Bereits jetzt ging im allgemeinen Trubel um die Luftlandetruppen unter, dass zahlreiche Hauseingänge in Exarchia am Sonntagmorgen blutüberströmt waren. Kaum jemand im übrigen Athen nahm Notiz davon, dass um das Hauptgebäude der Technischen Hochschule in Exarchia eine atypische nächtliche Ausgangssperre verhängt wurde. Das Gebäude ist von Sympathisanten Romanos besetzt. Auf den Straßen davor kontrollieren Beamte Passanten und verbieten je nach Gusto das Weitergehen. Es gibt nun Diskussionen, wie der Staat gegen die Gefahr der aus der Luft operierenden vorgeblichen oder realen Anarchisten vorgehen soll.

Bild: W. Aswestopoulos

Die angesprochenen Hauserstürmungen hat es in der Vergangenheit bereits gegeben. Telepolis ist ein Fall bekannt, bei dem eine alte Dame verletzt wurde. Beamte hatten im Dezember 2008 das Gebäude nahe der Technischen Hochschule gestürmt und die Tür zur Wohnung so eingetreten, dass die dahinter befindliche Frau schwer verletzt wurde. Auch heute noch kämpft ihr Sohn um eine Entschädigung.

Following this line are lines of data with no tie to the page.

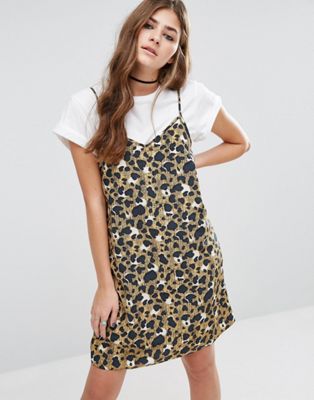leopard print cami shift dress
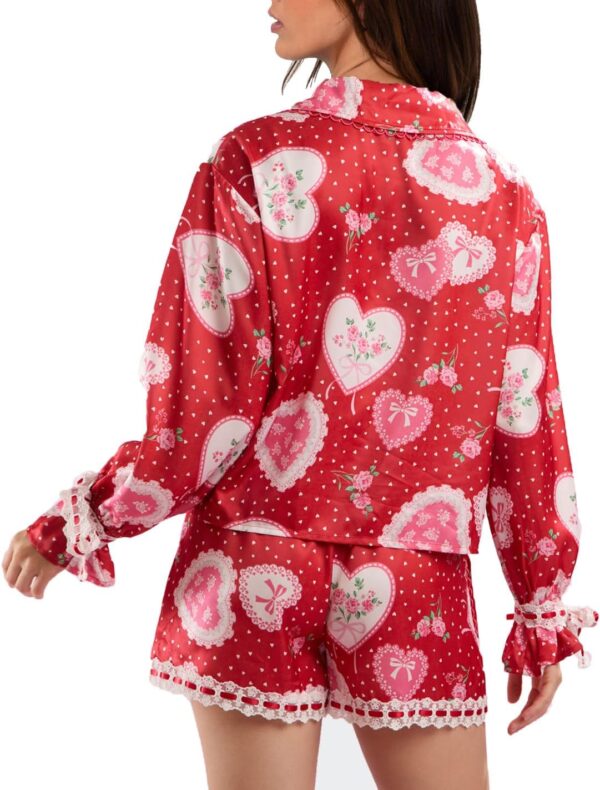Women Holiday Party Pajamas Cute Satin Silk PJs 2 Piece Outf... - Image 4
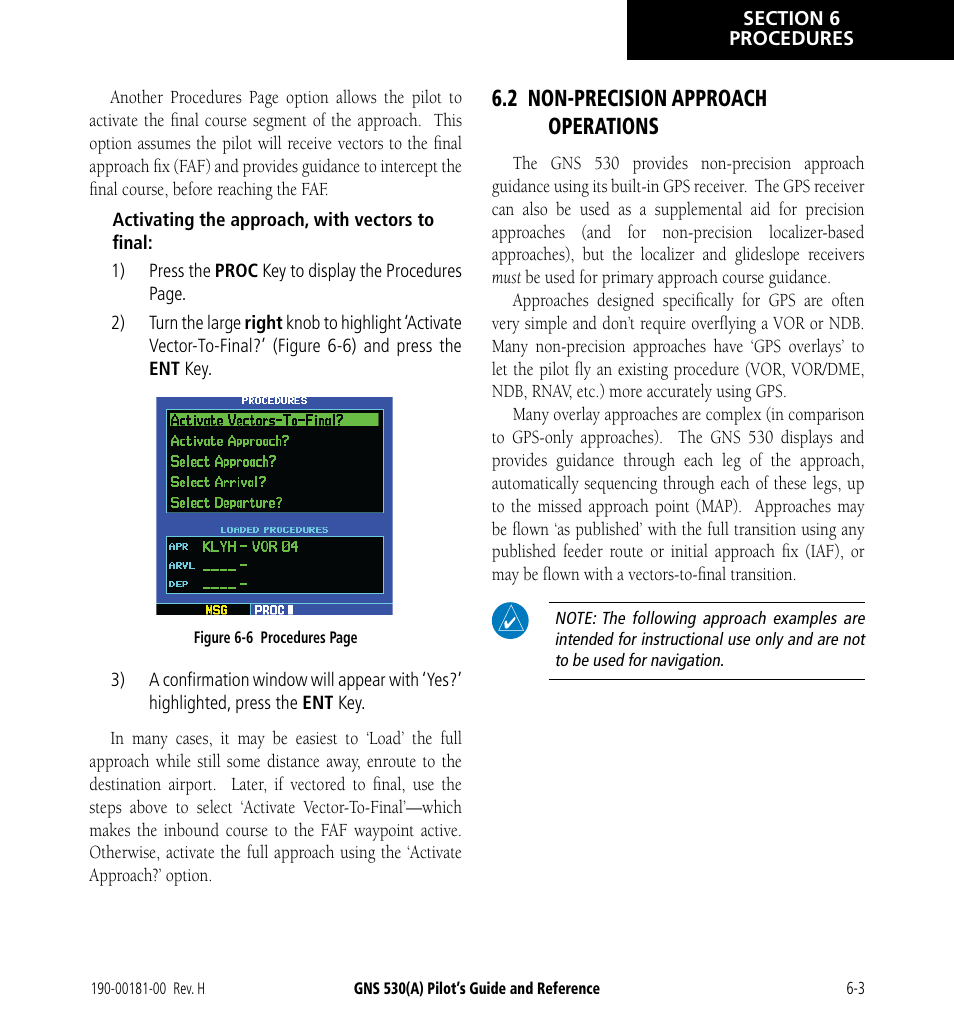 2 non-precision approach operations, 2 non-precision approach operations -3 | Garmin GNS 530 User Manual | Page 85 / 288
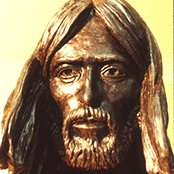 Close-up of Jesus' sculpted face during development of Divine Servant®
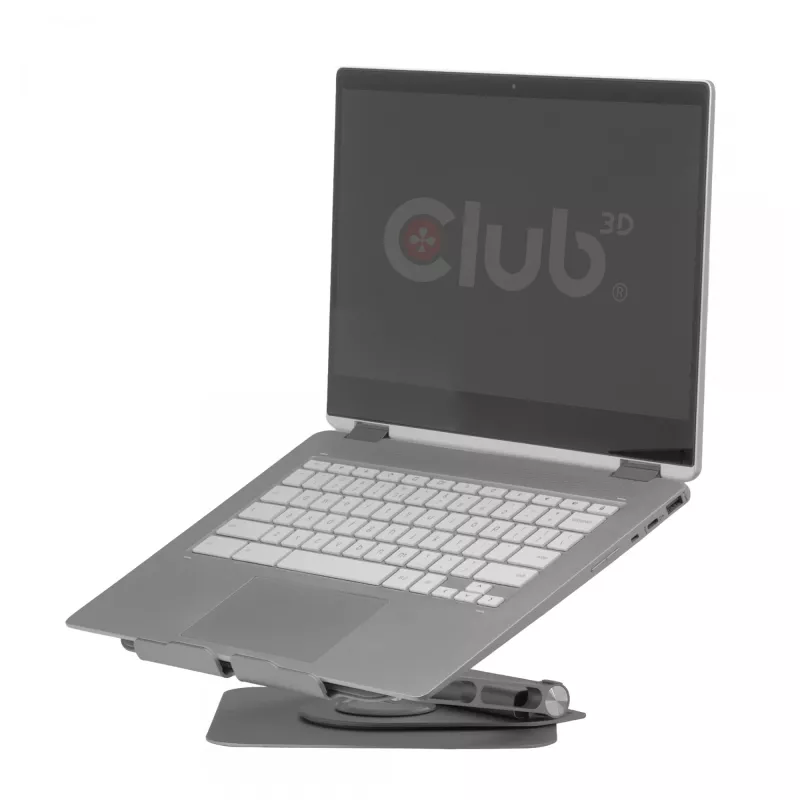 CLUB3D Reguleeritav alumiiniumist sülearvuti alus USB-C® jaoturiga, hall, 260 mm, 224 mm, 56 mm, 1.76 kg, 315 mm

Griechenland radikalisiert sich!

Beide Seiten, sowohl der immer strengere Staat als auch die immer vehementer protestierenden Demonstranten, fühlen sich im Recht. Tatsächlich aber haben sich die Sitten im Land verroht. Es läuft immer weiter auf eine Eskalation hinaus. Und weil Griechenland ein kleines Land ist, in dem fast jeder jeden kennt, lassen sich solche Entwicklungen leicht an einzelnen Personen manifestieren.

Der 2005 verstorbene Großvater Romanos, Athanassios Nasioutzik, war ein verurteilter Mörder. Die ihn in die Haft überführenden Beamten hatten Mitleid mit ihm. Niko Romanos Mutter Paulina, selbst auch Schriftstellerin, erinnert sich, dass die Beamten ihr und dem Vater das Leben leicht machten. Sie hielten mehrfach in Tavernen zum Essen an und ließen Vater und Tochter auf Ehrenwort allein. 1995 kam Nasioutzik, der seine Straftat mit mehr als neunzig Hammerschlägen gegen den Kopf des Mordopfers am 24.9.1984 beging, nach Verbüßung von 2/5 der Haft auf freien Fuß.